Let's get started with a Microservice Architecture with Spring Cloud:
Streaming Multipart Data Sequentially in Spring
Last updated: November 6, 2025
1. Overview
In modern web applications, efficiently transferring large files is crucial. Whether we’re sending multiple files to a client or receiving large uploads, we must minimize memory usage. However, Spring’s default buffered approach can bottleneck large payloads. It stores the entire file in memory or on disk before our code processes it. As a result, the application delays processing and consumes more resources.
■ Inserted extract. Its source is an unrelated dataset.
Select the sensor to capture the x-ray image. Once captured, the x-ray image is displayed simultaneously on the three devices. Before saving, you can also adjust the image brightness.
Fortunately, Spring allows sequential streaming to avoid these limitations. This tutorial explains how to implement streaming for multipart data. Specifically, we discuss Spring MVC and Reactive WebFlux, with practical examples for uploads and downloads.
2. Default Multipart Handling in Spring
A MultipartResolver usually handles multipart requests in Spring MVC. It parses each incoming file and temporarily stores it in memory or on disk before passing it to the controller. Similarly, the default approach often loads the entire response into memory before sending it to a client.
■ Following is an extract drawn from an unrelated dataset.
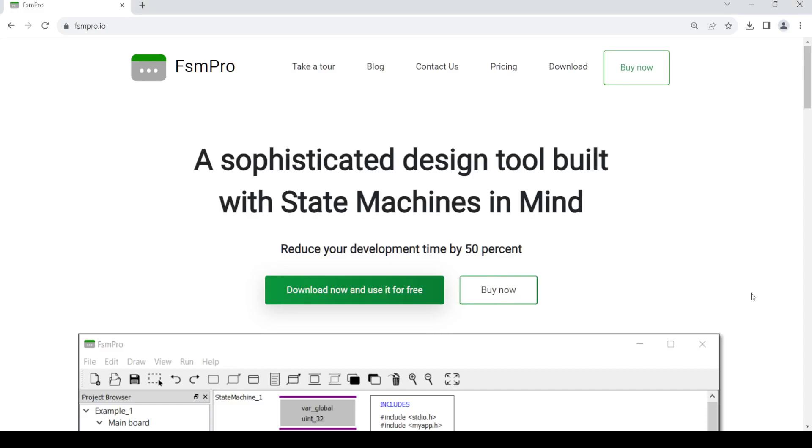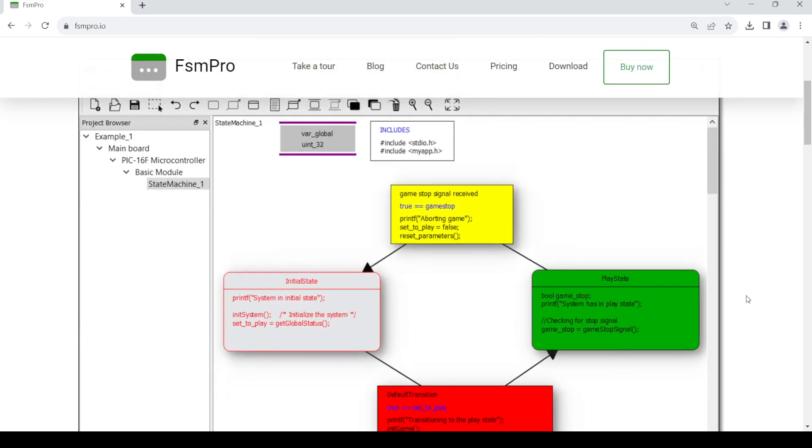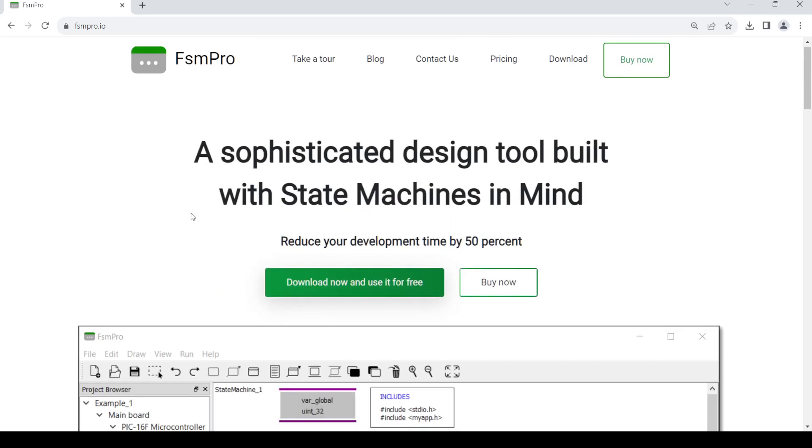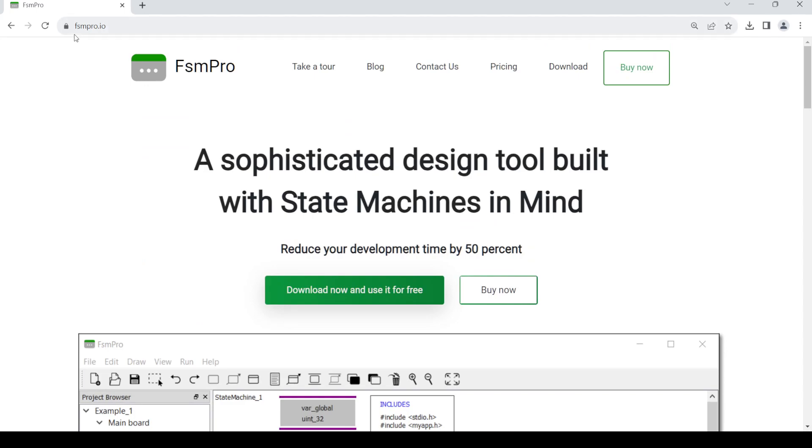Hello and welcome back to my channel. In today's video, I'm going to show you how to get the FSM Pro software. So let's get started. First of all, open up your web browser, then in the address bar just type in fsmpro.io, then press Enter and you should get this page.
While this method is straightforward and works for small files, it presents two major issues with larger uploads or downloads:
- High memory consumption: Large files can cause our applications to use excessive memory, which may result in slow performance or even an OutOfMemoryError.
- Delayed processing or delivery: The application must wait until all parts of the request are fully received before starting any processing or sending data, which postpones the first byte reaching the client.
These limitations make the default method unsuitable for large archives, massive datasets, or real-time uploads. A streaming approach solves the problem by processing or sending data as it arrives, without waiting for the full payload.
3. Streaming in Spring MVC
In Spring MVC applications, streaming enables us to send or receive large files incrementally, rather than buffering them entirely in memory or on disk. This approach keeps memory usage predictable, reduces latency, and enables real-time processing.
We’ll first examine streaming file uploads, then streaming file downloads, exploring both configuration and implementation techniques for each scenario.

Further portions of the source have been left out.